A Luta Contra a Revisão Histórica
A marcha ocorre em um contexto de forte tensão política, com o governo do presidente de extrema-direita Javier Milei buscando revisar a narrativa histórica sobre a ditadura. Enquanto órgãos de direitos humanos estimam que o regime deixou cerca de 30 mil desaparecidos, o governo atual minimiza esse número, sugerindo que foi uma “guerra” entre dois lados e que houve “excessos” de ambos. A Casa Rosada divulgou um vídeo que critica uma suposta “visão enviesada e revanchista” sobre a história, utilizada pela esquerda como “instrumento de manipulação”.
O Legado das Avós e a Busca por Verdade
As Avós da Praça de Maio, símbolo da luta pela recuperação da identidade de crianças sequestradas durante a ditadura, restituíram a identidade de 140 netos que foram levados ainda bebês ou nasceram em cativeiro. Estima-se que mais de 300 ainda precisem ser encontrados. A presidente da associação, Estela De Carlotto, ressaltou que cada restituição é uma prova das atrocidades cometidas pelo “terrorismo de Estado”, incluindo desaparecimentos, assassinatos, roubos e sequestros de menores.

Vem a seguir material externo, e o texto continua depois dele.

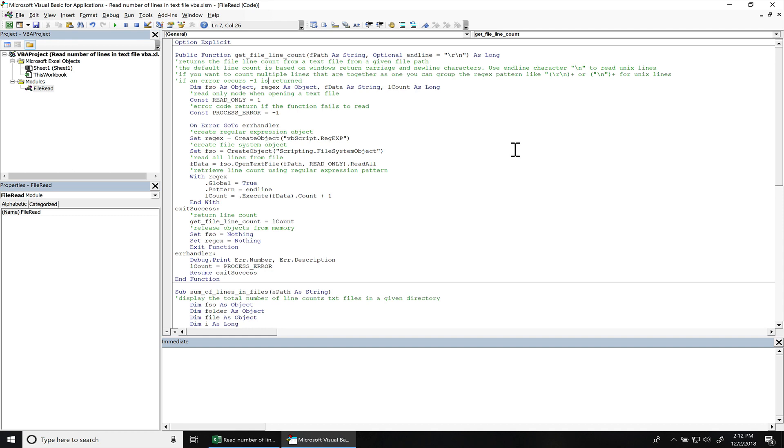Hey, what's going on everyone? Today I'll be teaching you how to get the number of lines in a text file.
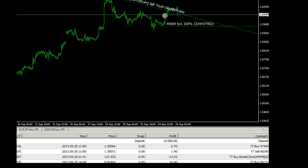Hi Traders, welcome to this demonstration of a Platinum installation from scratch and also some stress testing on an MT4 account. I just wanted to talk you through some of the trades that the system has placed.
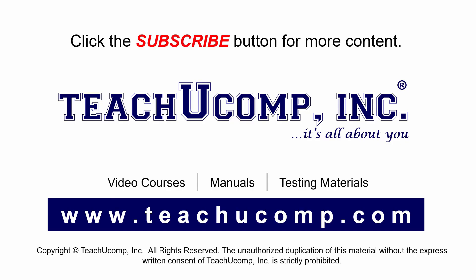Remember to click the Subscribe button to see more of our videos. Get ad-free courses at teachucomp.com.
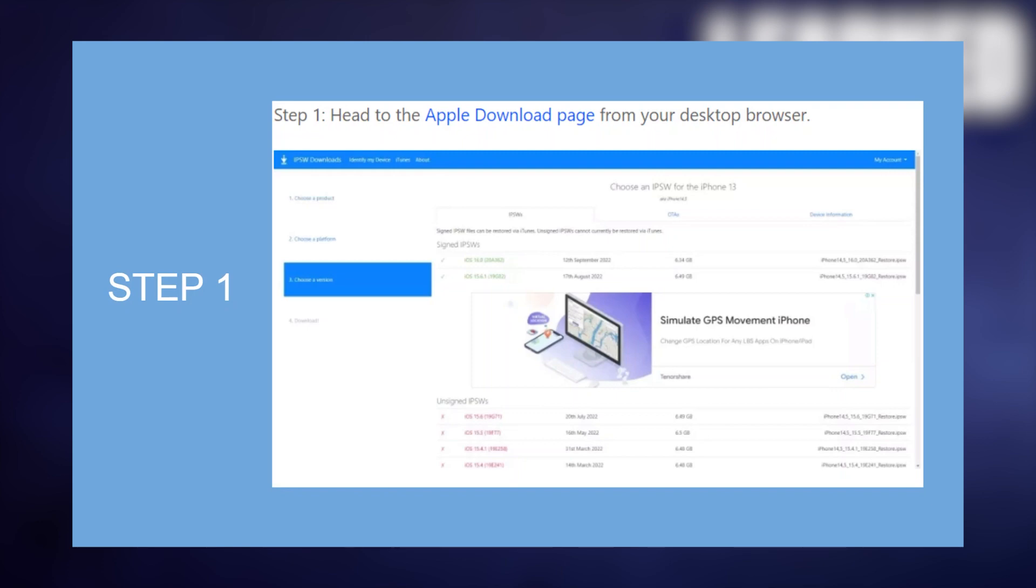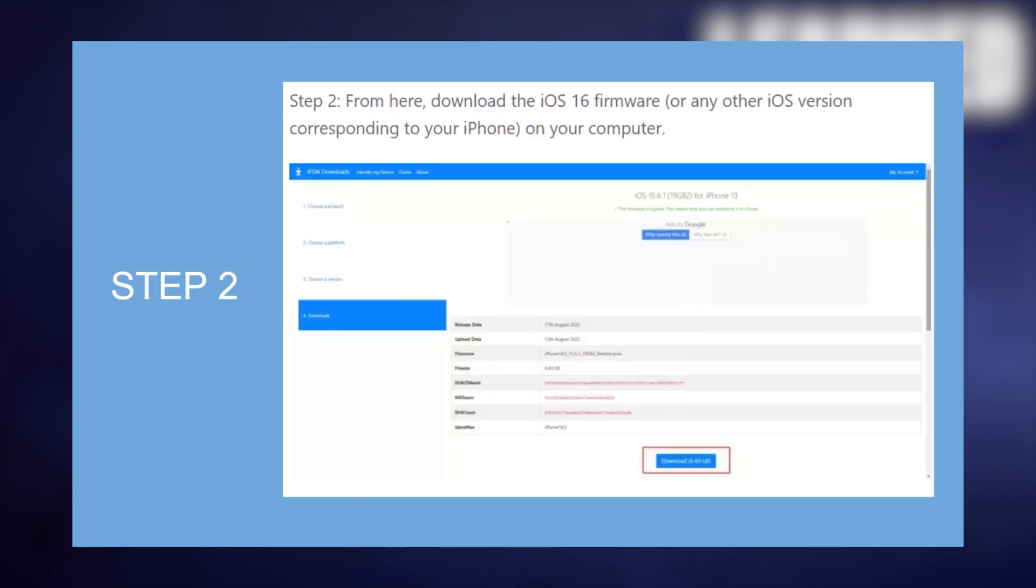First of all, head to the Apple download page from your desktop browser. Now, from here, download the iOS 16 firmware or any other iOS version corresponding to your iPhone on your computer.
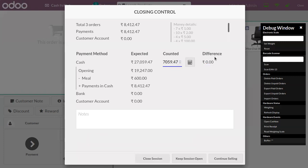Now you can see the difference is zero. If the counter quantity is 27,059.47, you can see the expected cash and counted cash are the same - there is no difference.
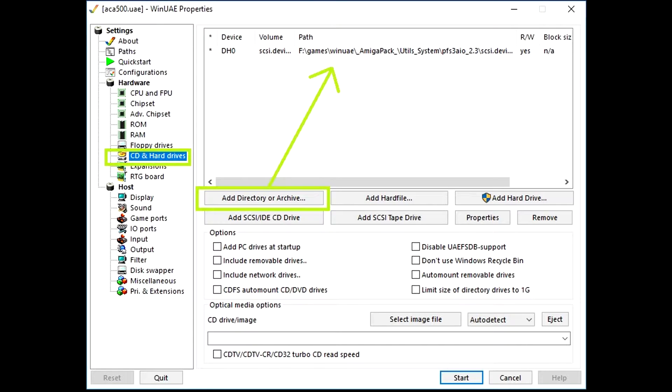Now launch WinUAE and create an Amiga 500 setup with 1MB of chip RAM, 8MB of fast RAM and 68000 processor. Add downloaded PFS3 folder to WinUAE like shown in the picture.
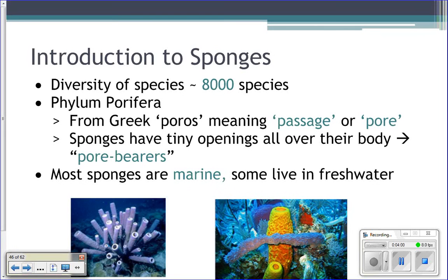Phylum Porifera, which means pore bearer, comes from the Greek word 'poros' meaning pore or passage.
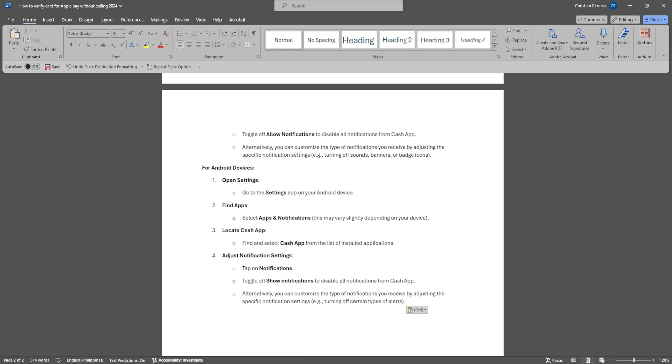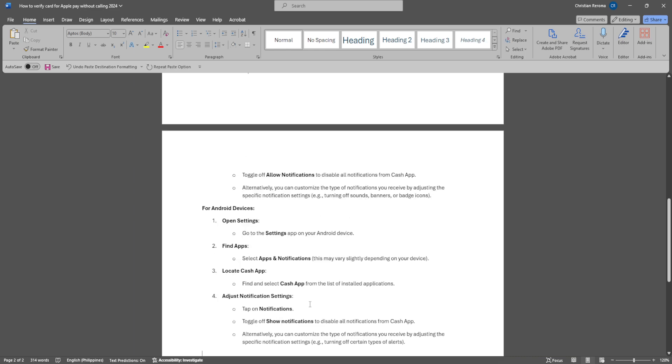Find and select Cash App from the list of installed applications. Simply tap on Notifications and toggle off Show Notifications to disable all notifications from Cash App. Alternatively, you can customize the type of notifications you receive by adjusting the specific notification settings.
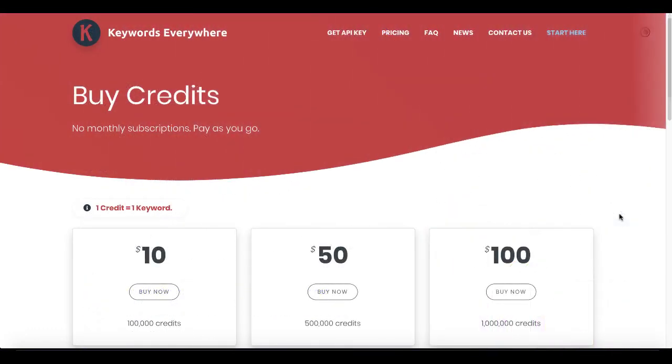Then of course, if you want to just move past the whole getting something for free, and you want to use Keywords Everywhere, you can just go straight into their pricing options and buy credits.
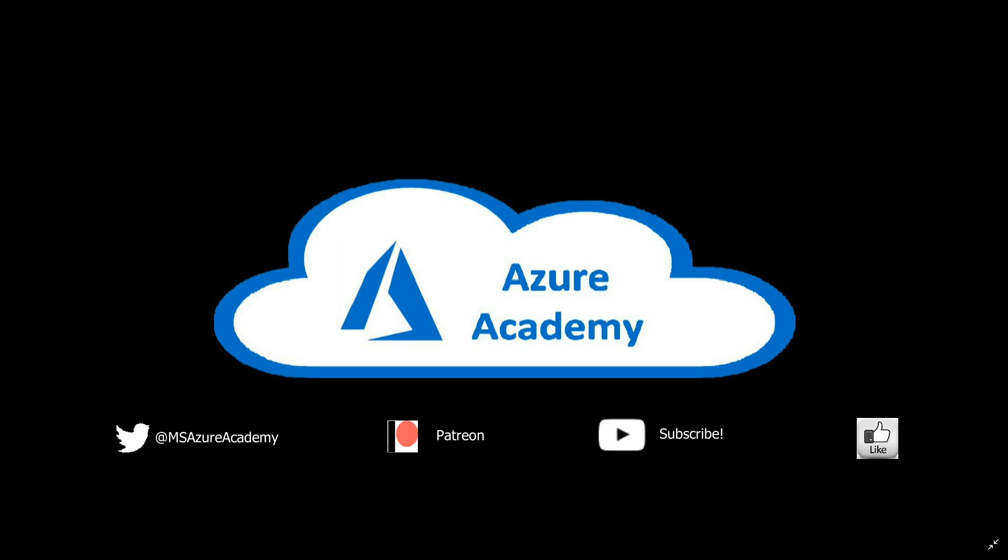While you're down there, go ahead and click the notification icon so that you can receive an email when our videos come out, which is roughly once a week, and we'll see you in the next video. Happy learning!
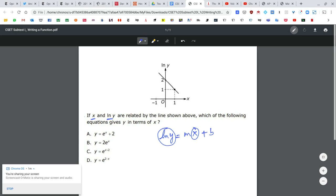I know the y-intercept of this function is 2, and the slope is falling 1 going across 1, which is negative 1. So l(y) equals negative x plus 2.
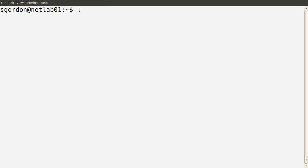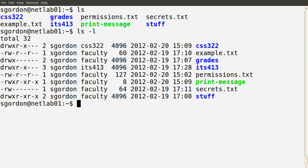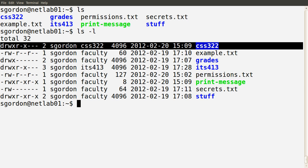I've set up this computer to have multiple users, so we'll look at how different users can access other users' files and directories, and how the different permissions impact upon the access. The ls command lists the files in our directory, but to see more information we use ls -l to give a long output. Without going through all the details, if we look at the first line we see there are a number of columns.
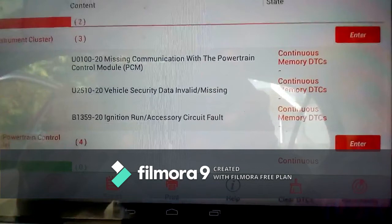The last code on the instrument cluster module is B1359-20, ignition run or accessory circuit fault, also a continuous memory. So those are the three codes on the instrument cluster module and four on the powertrain control module. Now let's see how we can attack these faults and diagnose them.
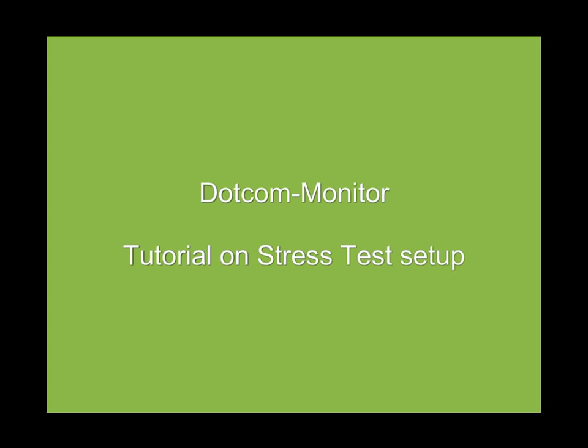Welcome to Dotcom-Monitor's tutorial on Stress Test Setup. To run Stress Test, you need to have a valid account with Dotcom-Monitor.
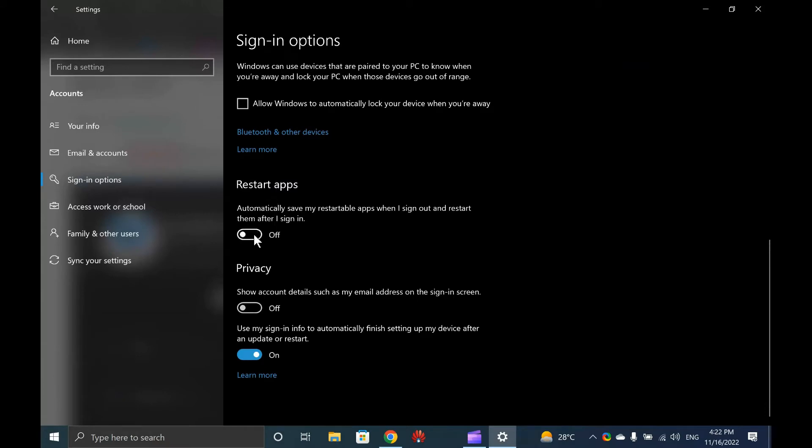Here, turn the toggle switch on position next to the Automatically save my restartable apps when I sign out and restart them after I sign in option.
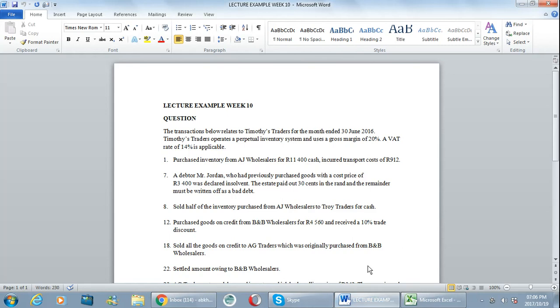Hello everybody, as promised this is a short video on lecture example week 10 which we've done in class. I have posted the solution and the question on camera but it's just to reiterate a few things which you may be struggling with. I'm not going to go through the whole question, just two or three transactions.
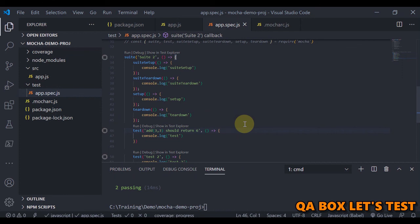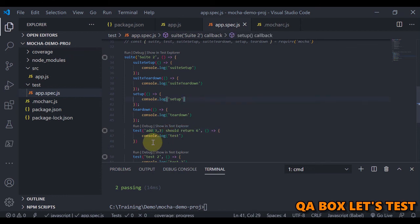In upcoming videos I will solely be using the BDD version since it is more popular these days. I've explained the concept of hooks in this video. These hooks can also be used in unit testing, though that is a rare case, since unit testing focuses on single units — but if there is a need, you can absolutely use these hooks. Thank you so much.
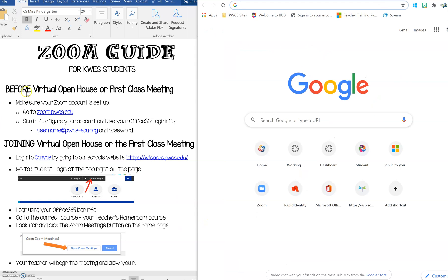We highly suggest that you do this before the virtual open house next Thursday when you get to log in with your child's account and see your teacher's Canvas page for the first time. Or if you can't make that, make sure you set up your Zoom before the first class meeting on September 8th.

O golpe cívico-militar de 1976 derrubou Isabel Perón e governou a Argentina até 1983, deixando um rastro de desaparecimentos, torturas e exílios forçados.
A Condenação da Ditadura e os Desafios Atuais
Apesar das tentativas de revisão, a condenação à ditadura militar permanece forte entre a maioria da população argentina. Um estudo recente indicou que sete em cada dez argentinos condenam o regime. Ao longo de mais de 350 julgamentos, 1.208 pessoas foram condenadas, mas mais de 300 casos ainda estão em aberto. A descoberta recente de restos mortais de 12 pessoas em um antigo centro de detenção clandestino em Córdoba reforça a necessidade de aprofundar a busca por justiça e verdade. Jornalistas que viveram a repressão, como Miriam Lewin, relatam as atrocidades e a importância de manter a memória viva para que tais horrores nunca se repitam.